Wise v. Lindamood

Decision Date28 September 1999
Docket NumberNo. CIV.A. 98-B-1645.,CIV.A. 98-B-1645.
Citation89 F.Supp.2d 1187
PartiesBarbara W. WISE; and Remedies for Reading Disabilities, Inc., a Colorado Corporation, Plaintiff, v. Patricia C. LINDAMOOD; and Lindamood-Bell Learning Processes, Inc., a California Corporation, Defendant.
CourtU.S. District Court — District of Colorado

David Mastbaum, Arthur H. Travers, David Mastbaum Law Office, Boulder, CO, for Plaintiff.

Christopher W. Blakemore, Hurth, Yeager & Sisk, Boulder, CO, James Edward Houpt, Kimberly J. Mueller, Norman Carter Hile, Orrick, Herrington & Sutcliff, LLP, Sacramento, CA, for Defendant.

MEMORANDUM OPINION AND ORDER

BABCOCK, District Judge.

Defendants move to dismiss this action pursuant to Rule 12(b)(2) for lack of personal jurisdiction, and pursuant to 28 U.S.C. § 1391(b) for improper venue. Alternatively, Defendants move to transfer this action pursuant to 28 U.S.C. § 1404. The motions are fully briefed. For the reasons set forth below, I deny Defendant's motions.

I.

Patricia Lindamood (Ms. Lindamood) is a resident of southern California. Ms. Lindamood and her late husband authored programs to develop the sensory cognitive processes that underlie reading, spelling, language comprehension, math, and visual motor skills. These programs are included in a text originally written by Ms. Lindamood and her late husband and subsequently revised by Ms. Lindamood with the support of others. Ms. Lindamood owns the copyright in the text, and claims trademark protection for her name.

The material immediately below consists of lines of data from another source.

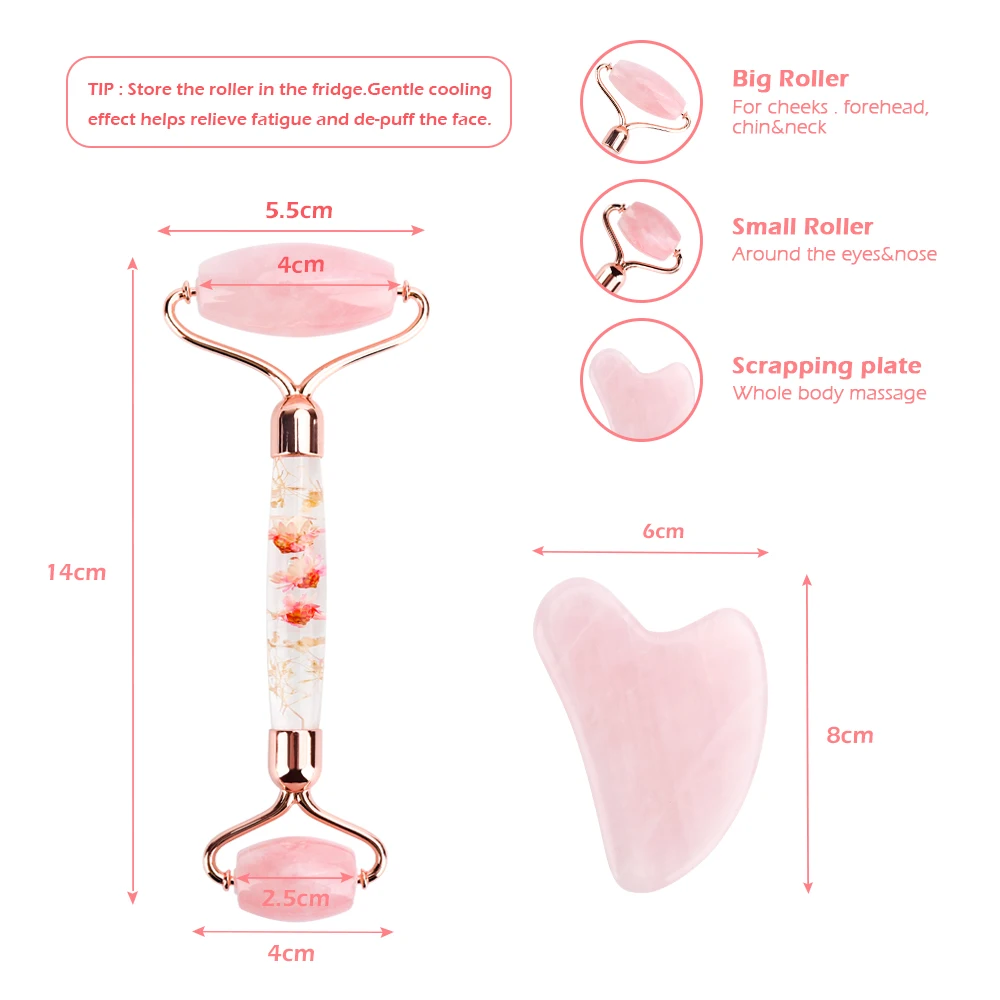 3/5pcs Rose Quartz Petal Roller Slimming Face Massager Lifting Jade Facial Massage Roller Anti-wrinkle Skin Care for Women Gift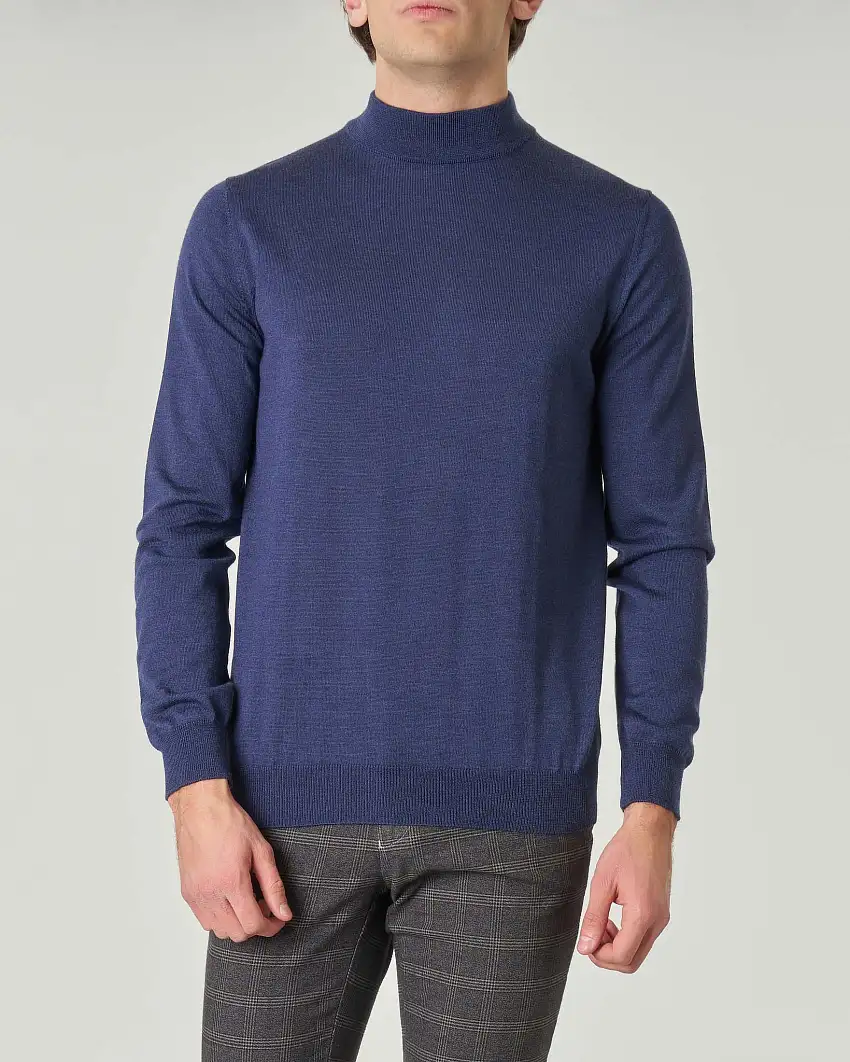 Lupetto Pellizzari blu melange in pura lana merino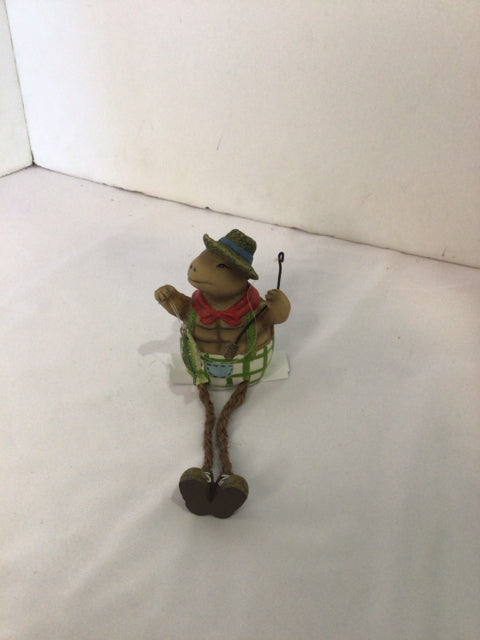 Tan/green Resin Fisherman Turtle Figurine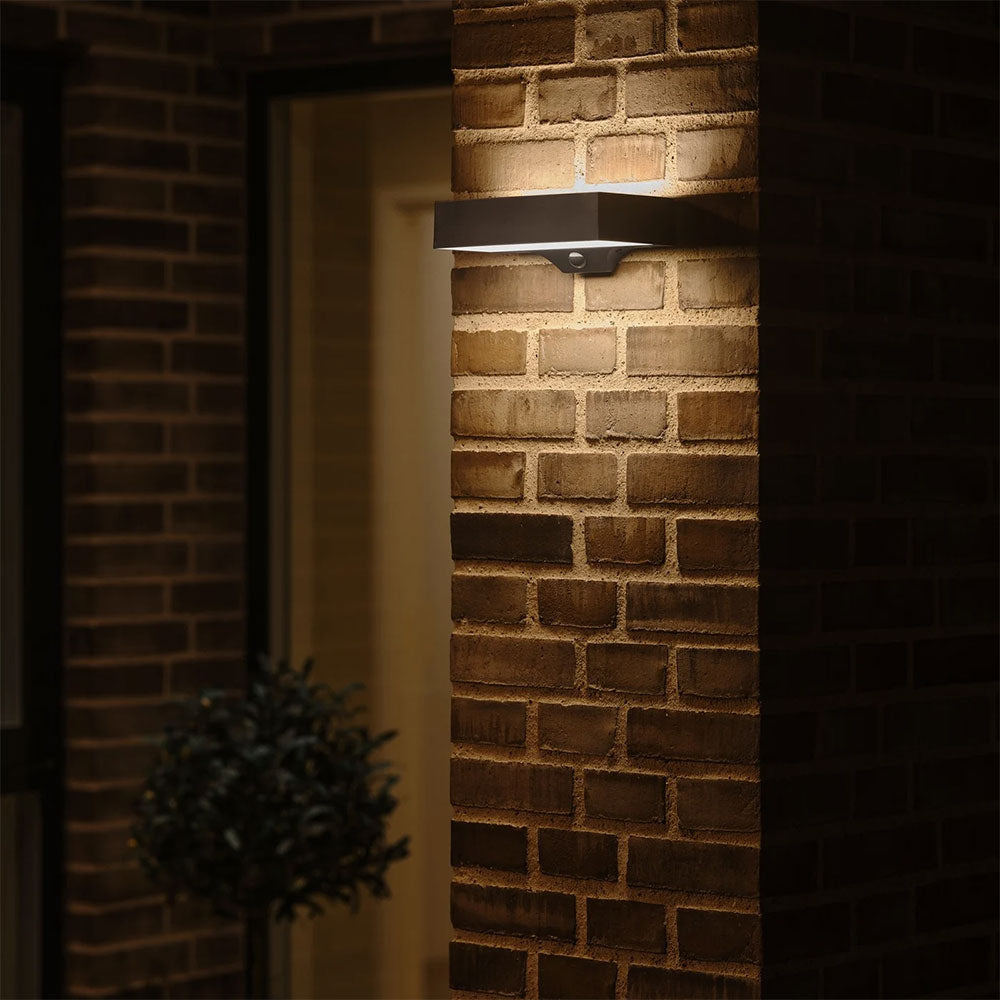 Monay Square LED Solar Wall Light With Motion Sensor Black - 2518341003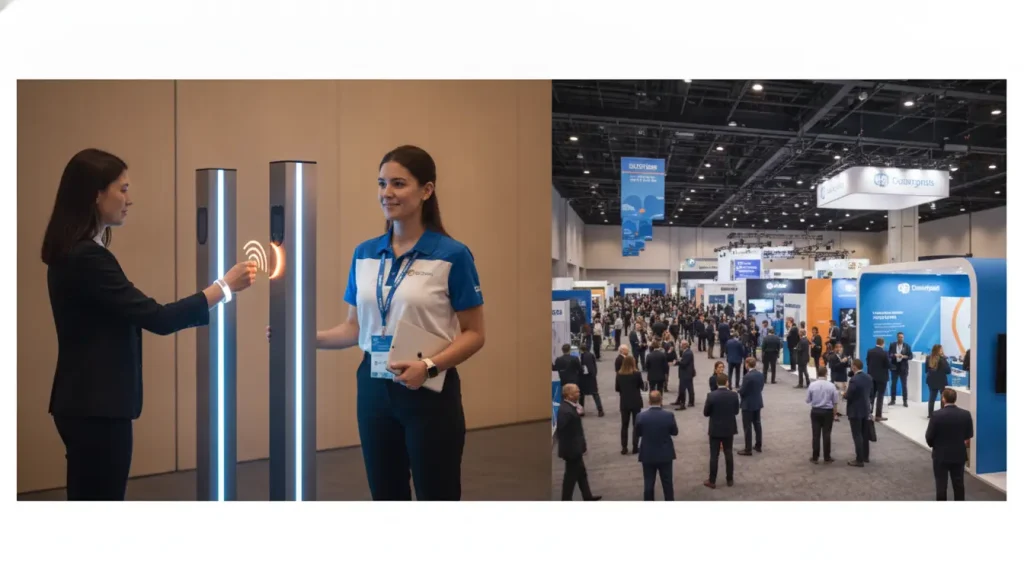 Women using contactless entry system at conference entrance and large crowd in bustling exhibit hall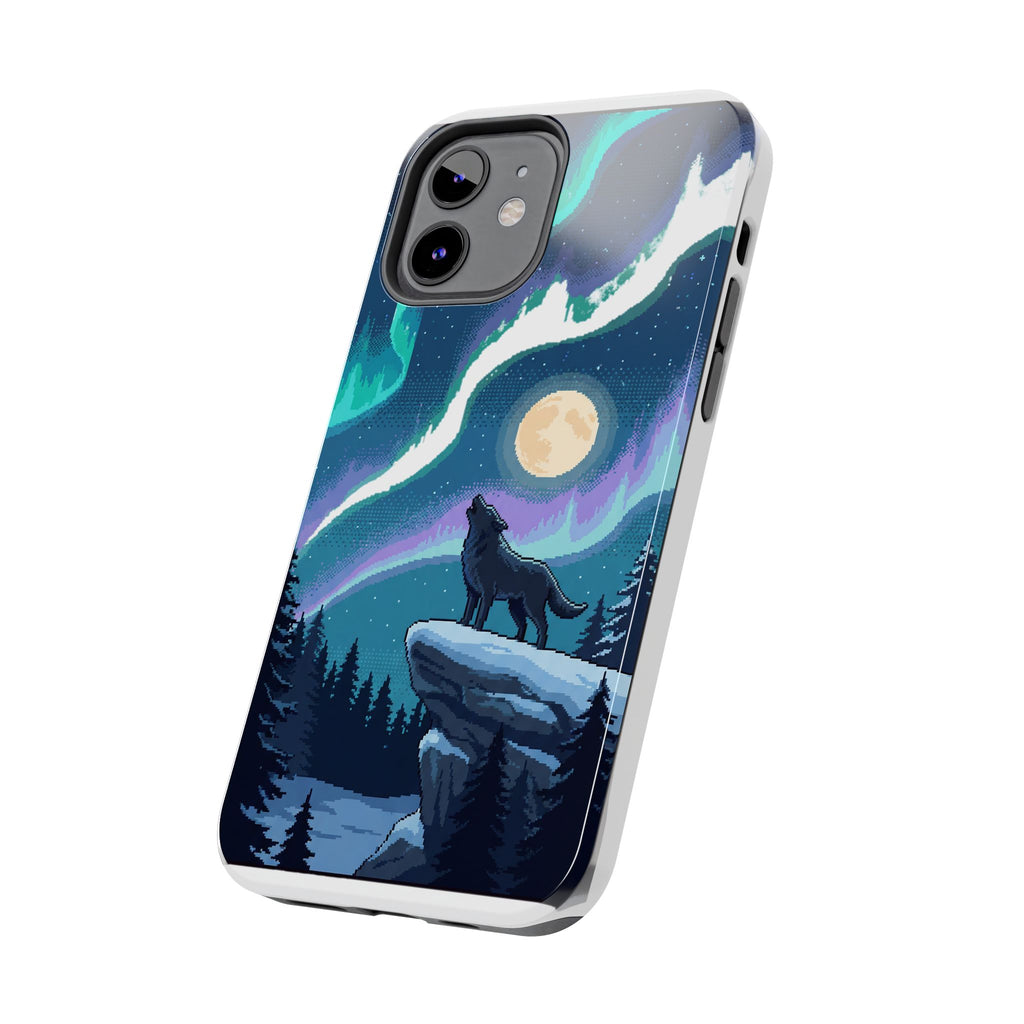 Retro Pixel Lone Wolf and the Aurora — Tough Phone Case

Lindamood-Bell is a California corporation headquartered in San Luis Obispo. One of the purposes of Lindamood-Bell, of which Ms. Lindamood is a director, "is to ensure that [Ms. Lindamood's] research-based programs ... are available on a broader scale." Defendants' Motion to Dismiss at Ex. A, ¶ 12. Toward that end, Ms. Lindamood permits Lindamood-Bell to use her copyrighted materials and trademark in educational programs.

Barbara Wise (Ms. Wise) is a resident of Boulder, Colorado who conducts seminars for teachers and other professionals who work with students with reading disabilities. Each seminar participant receives a manual authored by Ms. Wise entitled Linguistic Remedies for Reading Disabilities (Linguistic Remedies). Remedies for Reading Disabilities, Inc., of which Ms. Wise is the sole shareholder, director, and President, holds the copyright to Linguistic Remedies. Linguistic Remedies references Ms. Lindamood and her programs.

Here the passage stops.